Task prompt » Give back the exact lines of the material below from the one containing "Village Landscape, 1895" through the one containing "4014ZC Arizona License Plate", and no pictures.

*** Given data

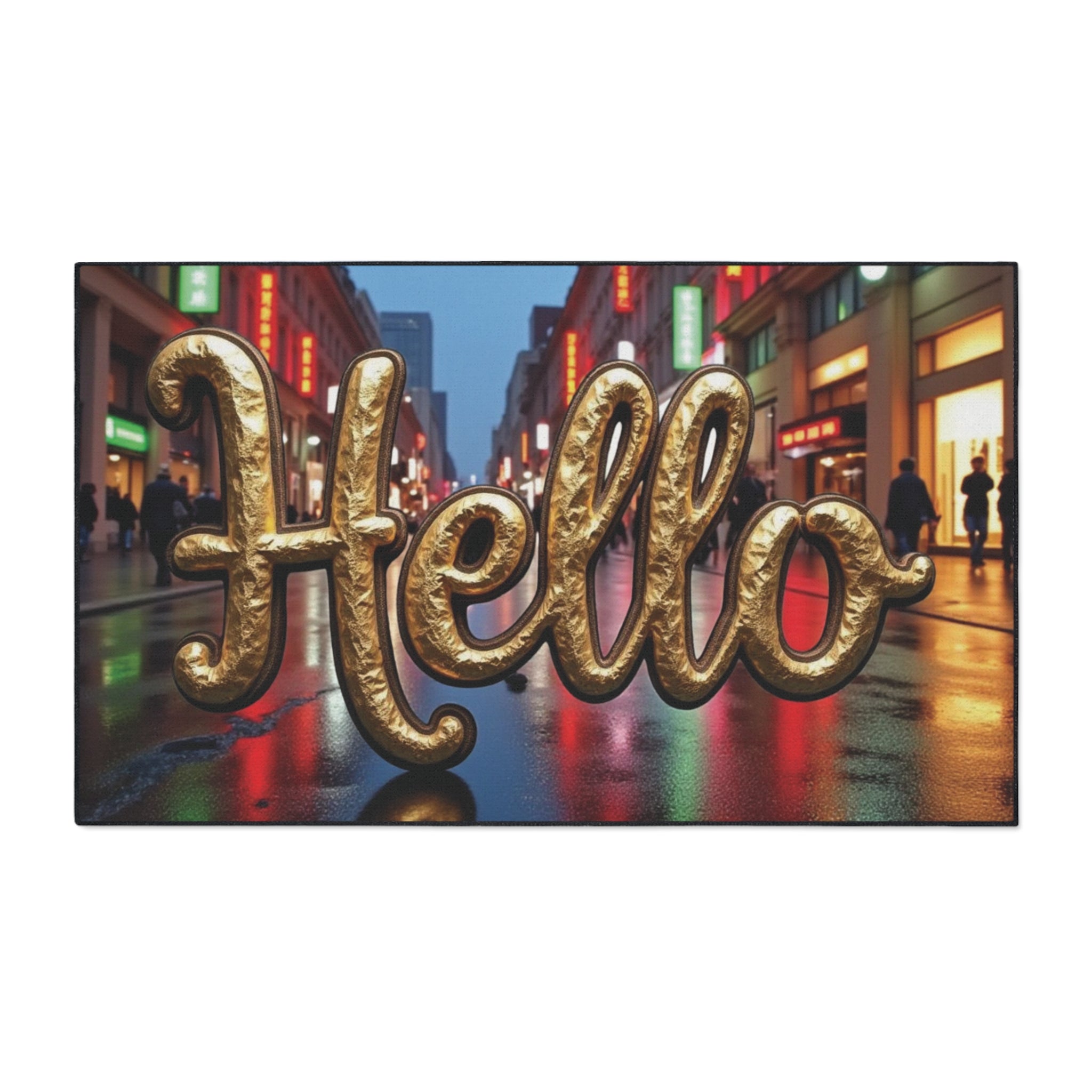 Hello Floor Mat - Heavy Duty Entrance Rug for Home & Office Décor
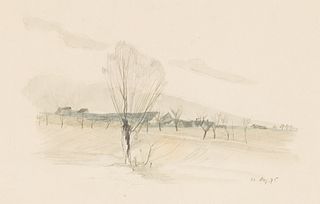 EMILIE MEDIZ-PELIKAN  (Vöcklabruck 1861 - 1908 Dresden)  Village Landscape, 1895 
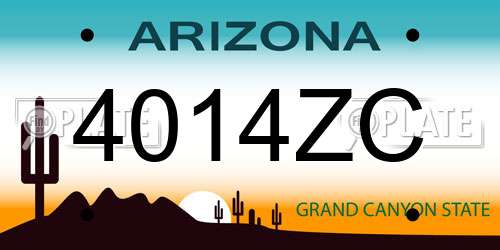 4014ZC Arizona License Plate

******
*** Given data

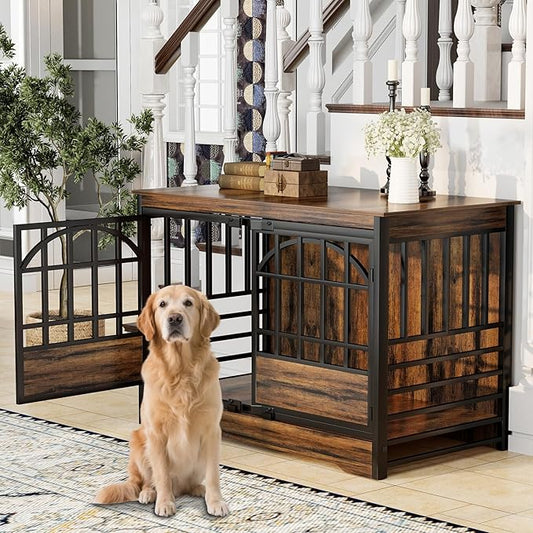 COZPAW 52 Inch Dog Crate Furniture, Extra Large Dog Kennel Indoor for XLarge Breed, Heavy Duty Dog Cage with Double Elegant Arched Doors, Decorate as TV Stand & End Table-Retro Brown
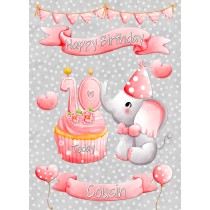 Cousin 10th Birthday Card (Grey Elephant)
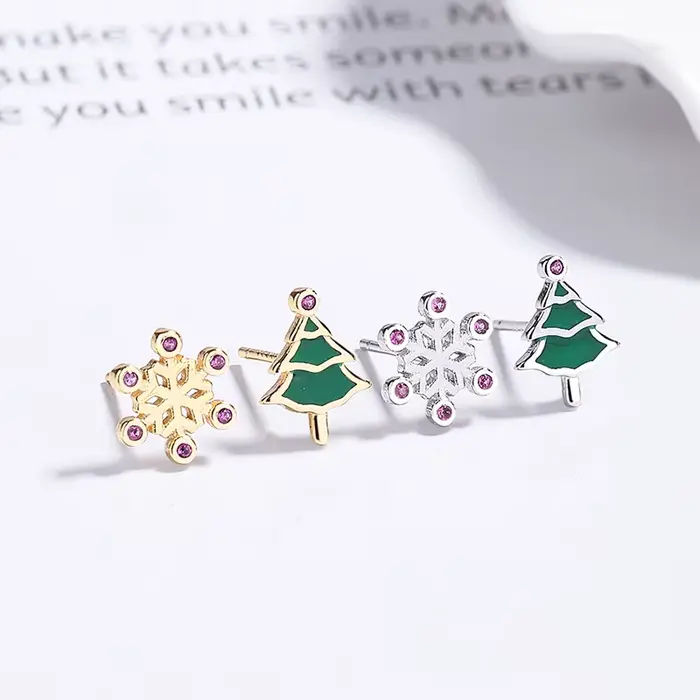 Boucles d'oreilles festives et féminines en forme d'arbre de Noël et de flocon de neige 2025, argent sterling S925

******
*** Given data

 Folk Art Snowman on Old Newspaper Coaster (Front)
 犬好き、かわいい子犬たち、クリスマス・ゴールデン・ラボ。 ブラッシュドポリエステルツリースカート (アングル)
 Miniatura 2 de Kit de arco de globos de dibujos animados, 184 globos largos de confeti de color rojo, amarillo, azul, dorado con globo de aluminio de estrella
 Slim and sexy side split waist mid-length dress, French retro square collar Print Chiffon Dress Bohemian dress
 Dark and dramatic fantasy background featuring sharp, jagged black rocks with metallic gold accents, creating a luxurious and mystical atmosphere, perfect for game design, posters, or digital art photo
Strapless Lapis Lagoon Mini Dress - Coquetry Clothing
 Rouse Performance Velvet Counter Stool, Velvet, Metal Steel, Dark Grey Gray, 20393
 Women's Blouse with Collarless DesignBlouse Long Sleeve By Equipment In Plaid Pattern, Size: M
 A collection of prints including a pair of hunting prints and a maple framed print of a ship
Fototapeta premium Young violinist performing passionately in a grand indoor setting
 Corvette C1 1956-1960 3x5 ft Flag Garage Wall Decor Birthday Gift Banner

******

Written answer »
 EMILIE MEDIZ-PELIKAN  (Vöcklabruck 1861 - 1908 Dresden)  Village Landscape, 1895 
 4014ZC Arizona License Plate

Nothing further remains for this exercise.